[Crawled caption data]
== Segment start ==
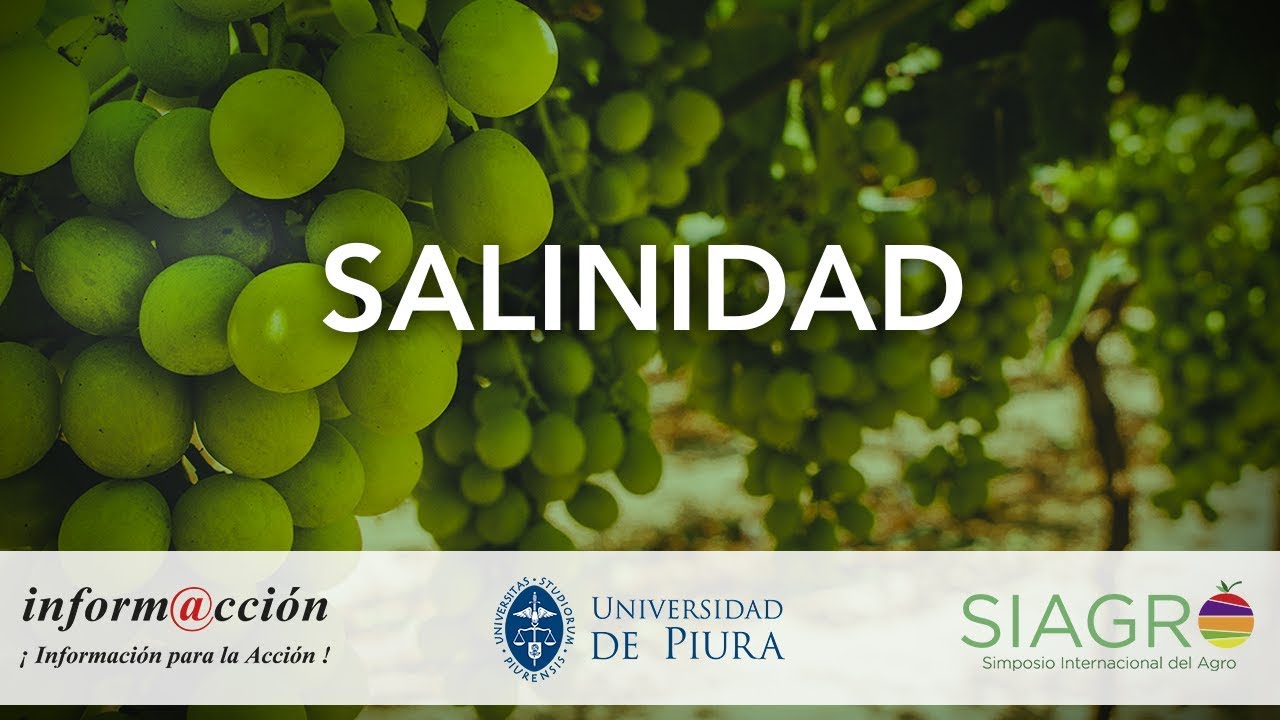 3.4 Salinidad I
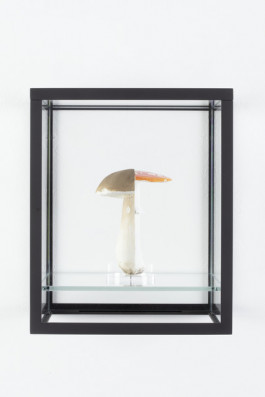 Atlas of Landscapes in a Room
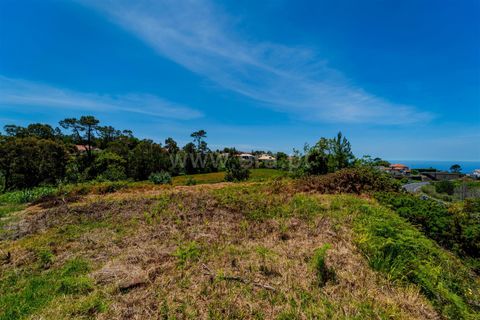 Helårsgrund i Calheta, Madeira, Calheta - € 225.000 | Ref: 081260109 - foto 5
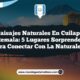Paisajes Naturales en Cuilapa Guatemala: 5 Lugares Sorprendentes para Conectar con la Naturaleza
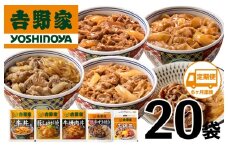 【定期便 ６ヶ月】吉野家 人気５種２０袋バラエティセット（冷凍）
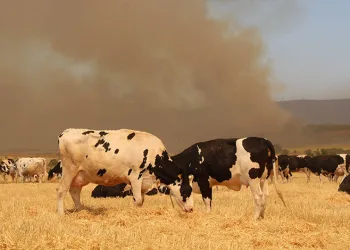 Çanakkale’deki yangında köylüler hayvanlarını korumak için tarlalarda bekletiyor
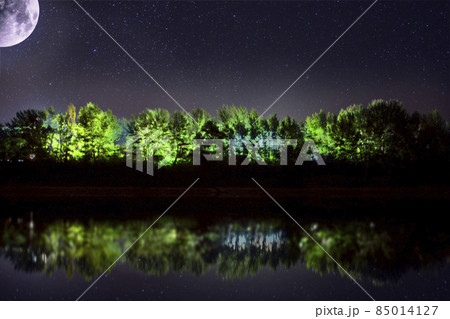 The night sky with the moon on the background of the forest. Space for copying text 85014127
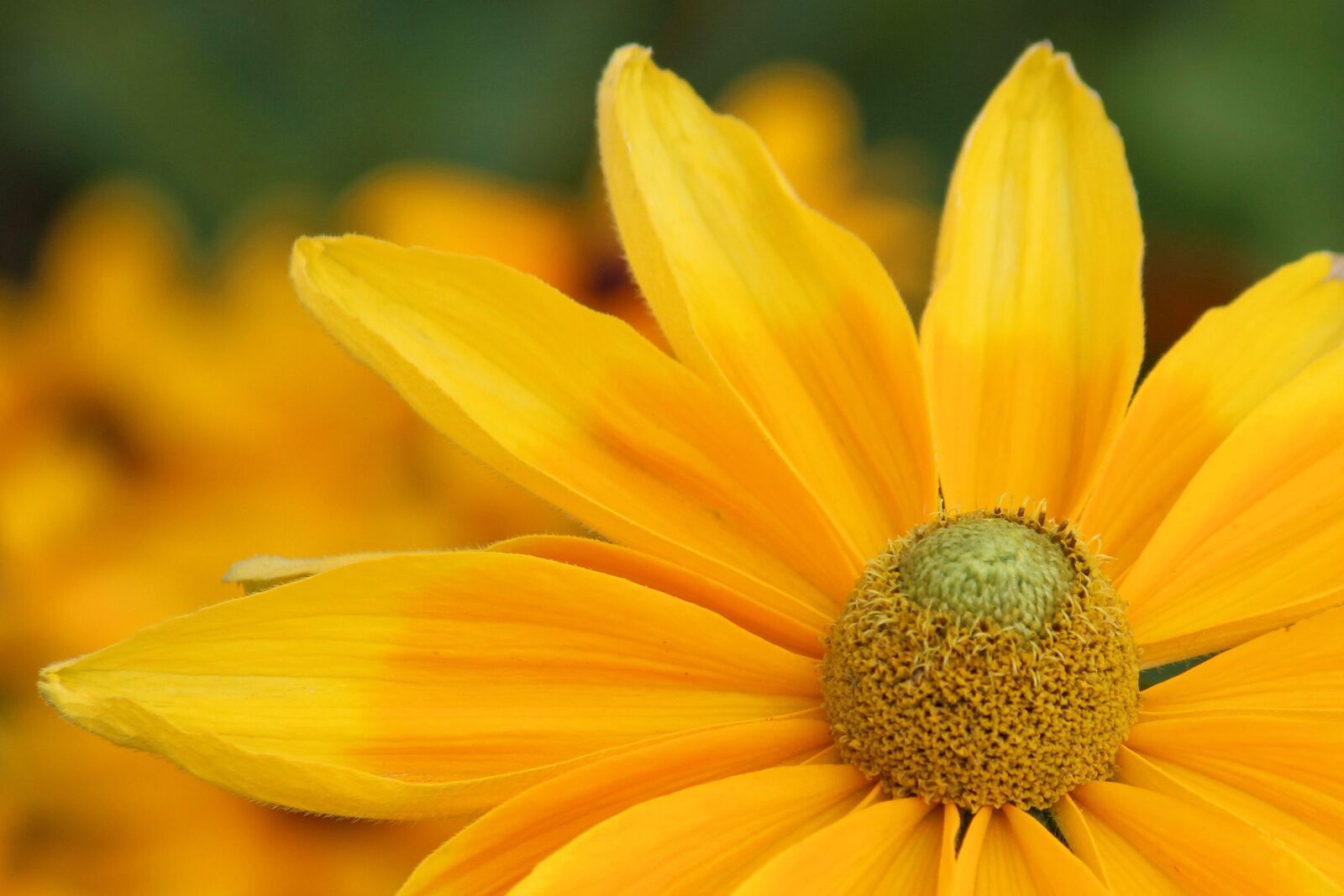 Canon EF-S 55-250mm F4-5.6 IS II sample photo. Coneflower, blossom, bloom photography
== Segment end ==
Copy every line of the data exactly as written, excluding the pictures.

* **Output for this task**:
 3.4 Salinidad I
 Atlas of Landscapes in a Room
 Helårsgrund i Calheta, Madeira, Calheta - € 225.000 | Ref: 081260109 - foto 5
Paisajes Naturales en Cuilapa Guatemala: 5 Lugares Sorprendentes para Conectar con la Naturaleza
 【定期便 ６ヶ月】吉野家 人気５種２０袋バラエティセット（冷凍）
 Çanakkale’deki yangında köylüler hayvanlarını korumak için tarlalarda bekletiyor
 The night sky with the moon on the background of the forest. Space for copying text 85014127
 Canon EF-S 55-250mm F4-5.6 IS II sample photo. Coneflower, blossom, bloom photography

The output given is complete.